DESCRIPTION

A server for converting docs from other formats to OOo, generating pdf files, keeping unchangeable snapshots in pdf format, getting and setting metadata. To be used together with ERP5 Document business template, although can be run standalone for any other client application.

Server tested using OOo 2.0.3, and everything works. Some files created in OOo 2.0.2 may crash - this is a known issue. Files created in OOo 2.0.3 and MS Office normally go through with no problems.

It returns a file in a desired format; html files are zipped because they often consist of more than one file.

INSTALLATION:

Patch your SimpleXMLRPCServer.py with this:
https://sourceforge.net/tracker/?func=detail&atid=305470&aid=893642&group_id=5470

Download the source code from svn. Create a writable tmp directory under your oood base dir.

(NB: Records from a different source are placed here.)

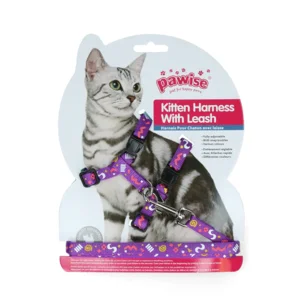 Pawise Kitten Harness With Leash Pink/Purple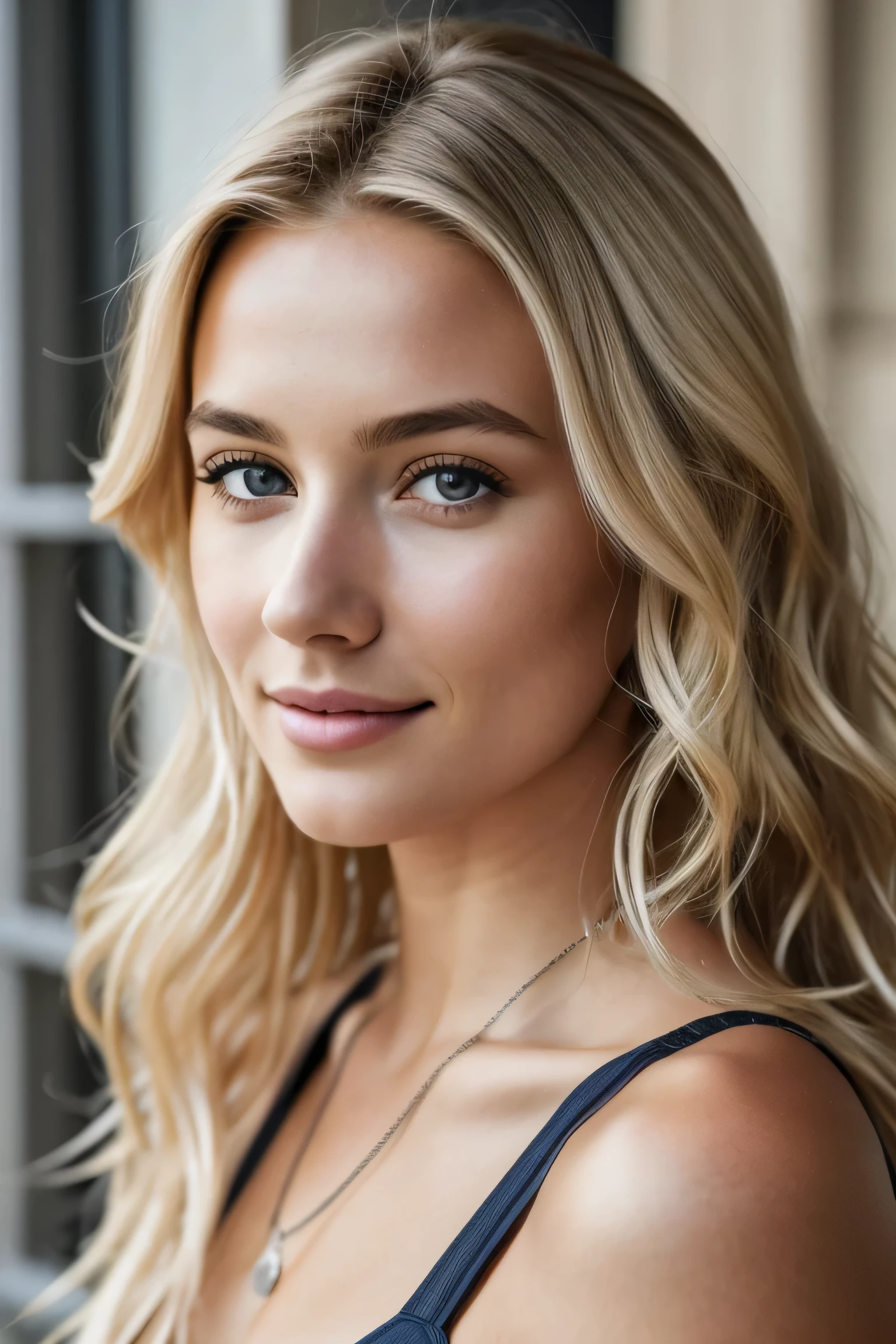 1 fille dans, 19 ans, seulement, De longs cheveux ondulés, longs cheveux blonds en désordre et venteux, Caméra orientée vers le bas, agenouillé sur le sol, En regardant la caméra, demi sourire, mords-toi la lèvre, cheveux blond, (fond d'Affichage 8K très détaillé), Éclairage doux, Haute qualité, grain de film, Mise au point nette du Fujifilm XT3, F5.6, 50mm, détail élevé, acuité,(lumière naturelle), (Attractif), Chemise élégante, révélateur, réaliste, sexy, portrait, Vue du haut du corps, seins couverts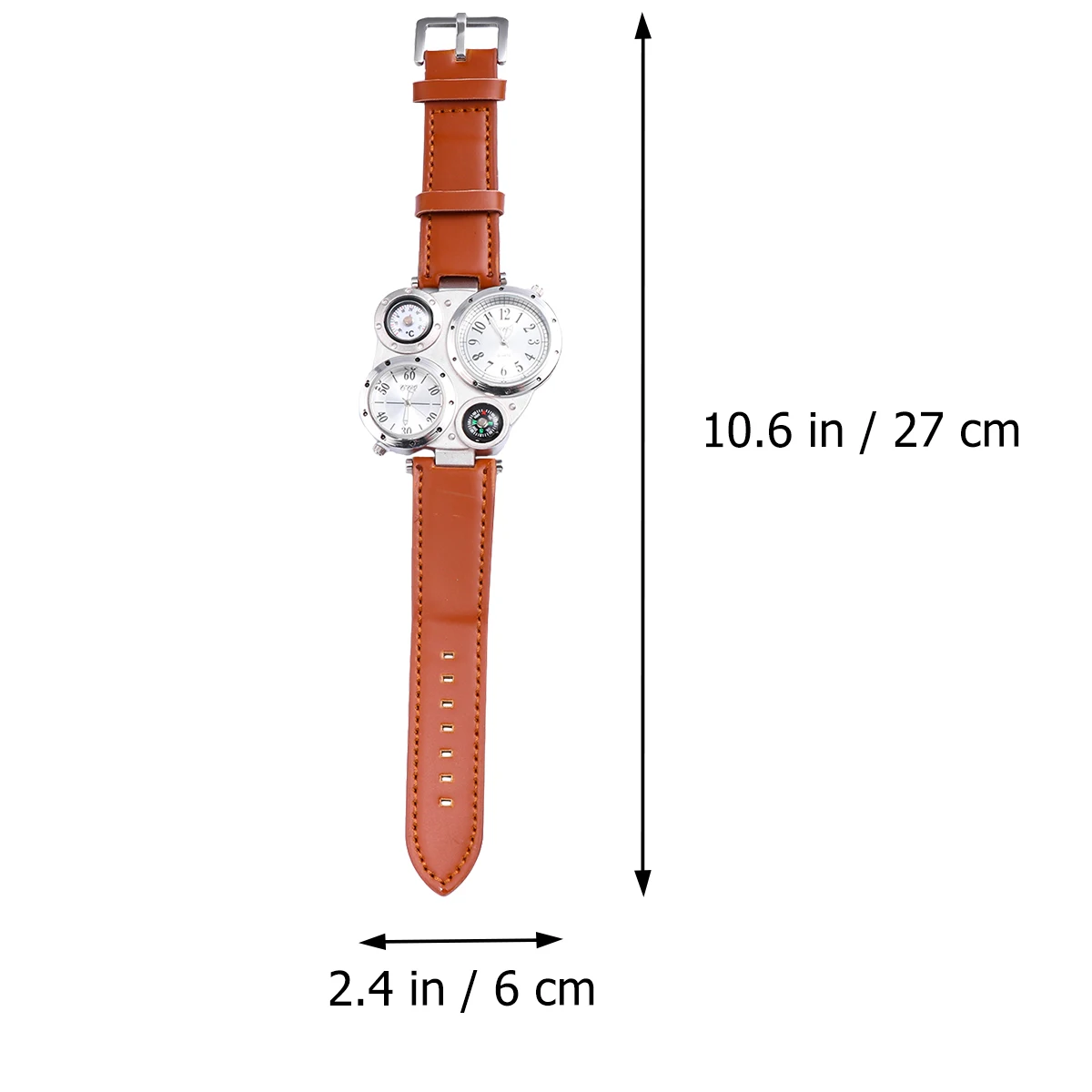 1pcs Thermometer Compass Watch Quartz Mens Fashion Multi Time Display Durable Precise Movement Adjustable Band Gift For Him
1pcs Thermometer Compass Watch Quartz Mens Fashion Multi Time Display Durable Precise Movement Adjustable Band Gift For Him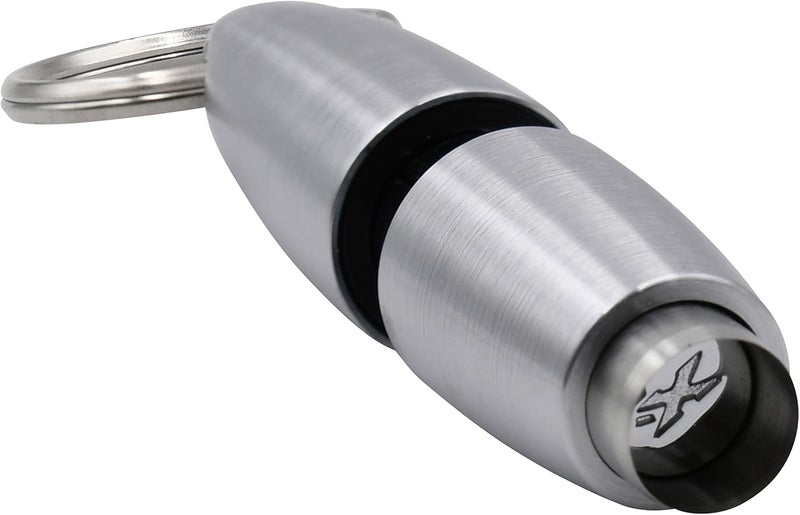 Xikar Pull Out Punch, Razor Sharp 9mm Cigar Punch, Silver - Image 1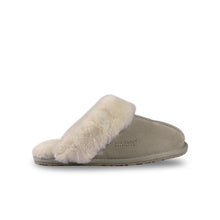 Load image into Gallery viewer, AUS WOOLI UGG UNISEX SHEEPSKIN WOOL SHELLEY Slippers - Light Grey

If you want to run it remotely on screen-less server, use Xvfb (start it by Xvfb -ac :1, set DISPLAY environment variable to :1, then run start.sh). To run smoothly it needs java-1.4.2-kaffe, which should be installed before intalling OOo rpms (otherwise you can probably activate it with command line switches).

SETUP:

Done in config.py. Important parts are:

- paths to programs

- loadtime - how long it takes for your machine to load an OOo instance; this is important because when it is restarted, a script spawns a new instance and then has to wait before trying to connect, and also because if another instance is started too soon (before the previous one loads completely) they are both merged into one.

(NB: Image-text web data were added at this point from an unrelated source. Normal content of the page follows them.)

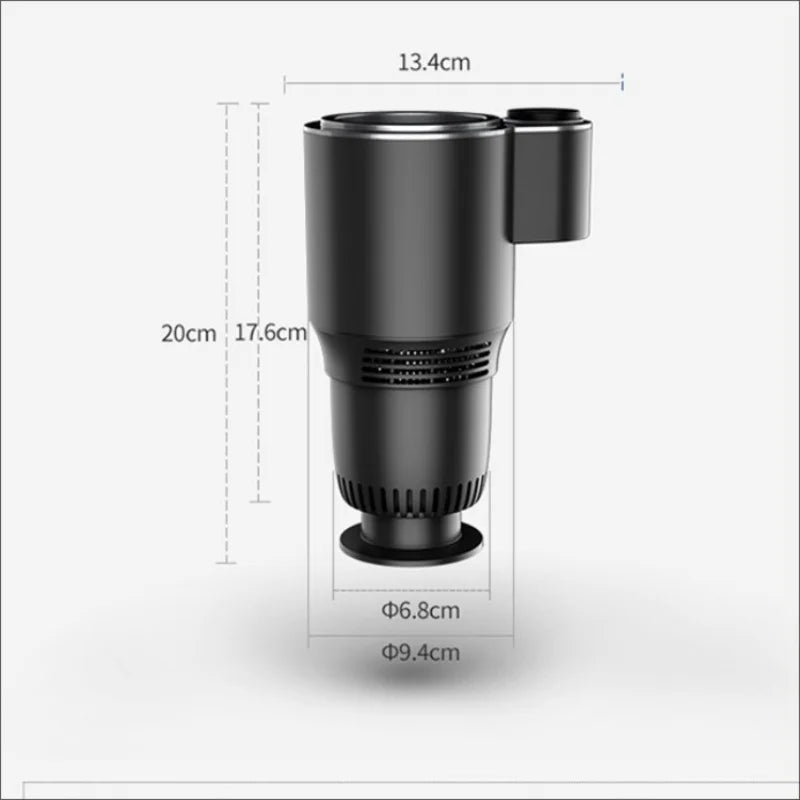 Smart Car Mug Holder | Roadmug | Touch Screen, 2 in 1, Rapid cooling, Heating, DC 12V
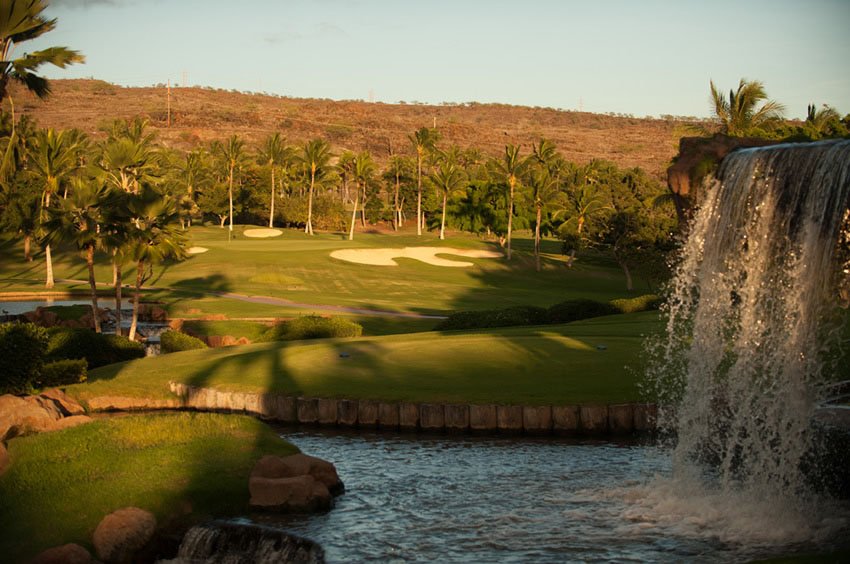 Ko Olina Golf waterfall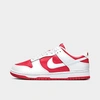 Nike Dunk Low Retro Casual Shoes In University Red/white/total Orange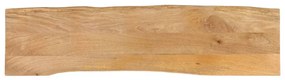 vidaXL Επιφάνεια Τραπεζιού 180x40x2,5 εκ. Live Edge Μασίφ Ξύλο Μάνγκο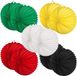 Boland Lampionnen van papier - rond - set van 20x stuks - Dia 22 cm - Versiering - mix van 5 kleuren
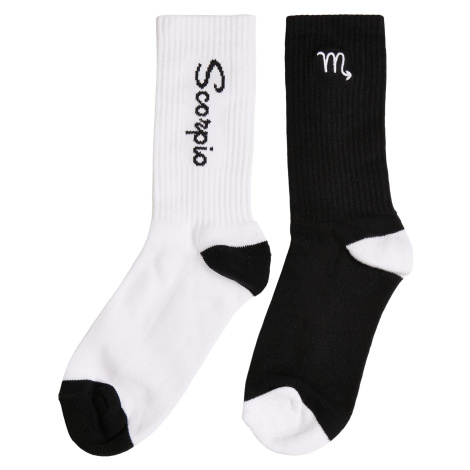 Zodiac 2-Pack Black/White Scorpion Socks mister tee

- timeout - when an OOo instance we called does not return for too long, we decide it has crashed; we kill it and start another one. This is the time after which we undertake this drastic action.

SETTING UP OOo INSTANCES

When run, the server starts a configured number of OOo instances as different users (user_0, user_1 etc), each having its own settings. By default, instances are run in "headless" mode (they don't produce visible windows). However, the first time every instance is run you have to go through the registration process, otherwise it won't start. For the first time you have therefore to start every instance in a "normal" mode (by removing "headless" parameter in start.py) and clicking through registration dialogs. It is also highly recommended that you set up Java path in OOo options in every instance - this reduces the required loadtime from about half a minute to a few seconds.

USAGE:

Start your OOo instances by running start.py

Start the server by running serw.py; check the stdout and log.txt to see what is going on. If necessary, ctrl-c the server and rerun it.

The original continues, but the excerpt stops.